**Source data**

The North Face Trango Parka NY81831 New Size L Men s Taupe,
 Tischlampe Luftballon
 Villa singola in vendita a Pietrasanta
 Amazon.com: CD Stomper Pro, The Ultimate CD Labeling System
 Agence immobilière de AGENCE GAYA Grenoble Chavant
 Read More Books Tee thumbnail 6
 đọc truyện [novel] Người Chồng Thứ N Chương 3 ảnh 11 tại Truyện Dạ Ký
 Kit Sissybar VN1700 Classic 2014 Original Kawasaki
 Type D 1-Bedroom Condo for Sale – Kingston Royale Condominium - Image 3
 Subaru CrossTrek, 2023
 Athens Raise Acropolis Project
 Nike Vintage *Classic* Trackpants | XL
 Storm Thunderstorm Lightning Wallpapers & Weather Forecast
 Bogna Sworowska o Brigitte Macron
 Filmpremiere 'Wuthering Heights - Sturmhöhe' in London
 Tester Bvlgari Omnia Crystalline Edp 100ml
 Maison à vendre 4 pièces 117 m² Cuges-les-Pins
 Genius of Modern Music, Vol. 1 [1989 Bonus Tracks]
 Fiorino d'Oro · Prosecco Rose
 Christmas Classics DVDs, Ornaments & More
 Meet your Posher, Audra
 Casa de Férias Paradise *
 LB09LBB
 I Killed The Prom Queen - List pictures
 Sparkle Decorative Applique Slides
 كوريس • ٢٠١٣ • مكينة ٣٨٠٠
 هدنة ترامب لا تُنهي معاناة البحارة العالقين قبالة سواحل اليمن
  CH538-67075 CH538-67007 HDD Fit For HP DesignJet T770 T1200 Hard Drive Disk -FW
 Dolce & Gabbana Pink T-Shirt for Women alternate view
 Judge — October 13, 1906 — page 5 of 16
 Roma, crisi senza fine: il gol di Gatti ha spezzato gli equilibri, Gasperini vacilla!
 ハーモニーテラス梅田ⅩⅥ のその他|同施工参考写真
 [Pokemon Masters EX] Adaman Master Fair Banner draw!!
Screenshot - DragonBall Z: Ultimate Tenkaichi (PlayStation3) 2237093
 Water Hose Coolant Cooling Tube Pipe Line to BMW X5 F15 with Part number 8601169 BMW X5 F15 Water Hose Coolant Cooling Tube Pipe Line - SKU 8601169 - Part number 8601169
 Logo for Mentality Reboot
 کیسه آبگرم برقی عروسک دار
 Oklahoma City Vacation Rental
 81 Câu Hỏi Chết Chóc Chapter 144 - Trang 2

**Your goal**
Above are the records; copy exactly the lines from the one with "Amazon.com: CD Stomper" through the final line.

**Reply**
 Amazon.com: CD Stomper Pro, The Ultimate CD Labeling System
 Agence immobilière de AGENCE GAYA Grenoble Chavant
 Read More Books Tee thumbnail 6
 đọc truyện [novel] Người Chồng Thứ N Chương 3 ảnh 11 tại Truyện Dạ Ký
 Kit Sissybar VN1700 Classic 2014 Original Kawasaki
 Type D 1-Bedroom Condo for Sale – Kingston Royale Condominium - Image 3
 Subaru CrossTrek, 2023
 Athens Raise Acropolis Project
 Nike Vintage *Classic* Trackpants | XL
 Storm Thunderstorm Lightning Wallpapers & Weather Forecast
 Bogna Sworowska o Brigitte Macron
 Filmpremiere 'Wuthering Heights - Sturmhöhe' in London
 Tester Bvlgari Omnia Crystalline Edp 100ml
 Maison à vendre 4 pièces 117 m² Cuges-les-Pins
 Genius of Modern Music, Vol. 1 [1989 Bonus Tracks]
 Fiorino d'Oro · Prosecco Rose
 Christmas Classics DVDs, Ornaments & More
 Meet your Posher, Audra
 Casa de Férias Paradise *
 LB09LBB
 I Killed The Prom Queen - List pictures
 Sparkle Decorative Applique Slides
 كوريس • ٢٠١٣ • مكينة ٣٨٠٠
 هدنة ترامب لا تُنهي معاناة البحارة العالقين قبالة سواحل اليمن
  CH538-67075 CH538-67007 HDD Fit For HP DesignJet T770 T1200 Hard Drive Disk -FW
 Dolce & Gabbana Pink T-Shirt for Women alternate view
 Judge — October 13, 1906 — page 5 of 16
 Roma, crisi senza fine: il gol di Gatti ha spezzato gli equilibri, Gasperini vacilla!
 ハーモニーテラス梅田ⅩⅥ のその他|同施工参考写真
 [Pokemon Masters EX] Adaman Master Fair Banner draw!!
Screenshot - DragonBall Z: Ultimate Tenkaichi (PlayStation3) 2237093
 Water Hose Coolant Cooling Tube Pipe Line to BMW X5 F15 with Part number 8601169 BMW X5 F15 Water Hose Coolant Cooling Tube Pipe Line - SKU 8601169 - Part number 8601169
 Logo for Mentality Reboot
 کیسه آبگرم برقی عروسک دار
 Oklahoma City Vacation Rental
 81 Câu Hỏi Chết Chóc Chapter 144 - Trang 2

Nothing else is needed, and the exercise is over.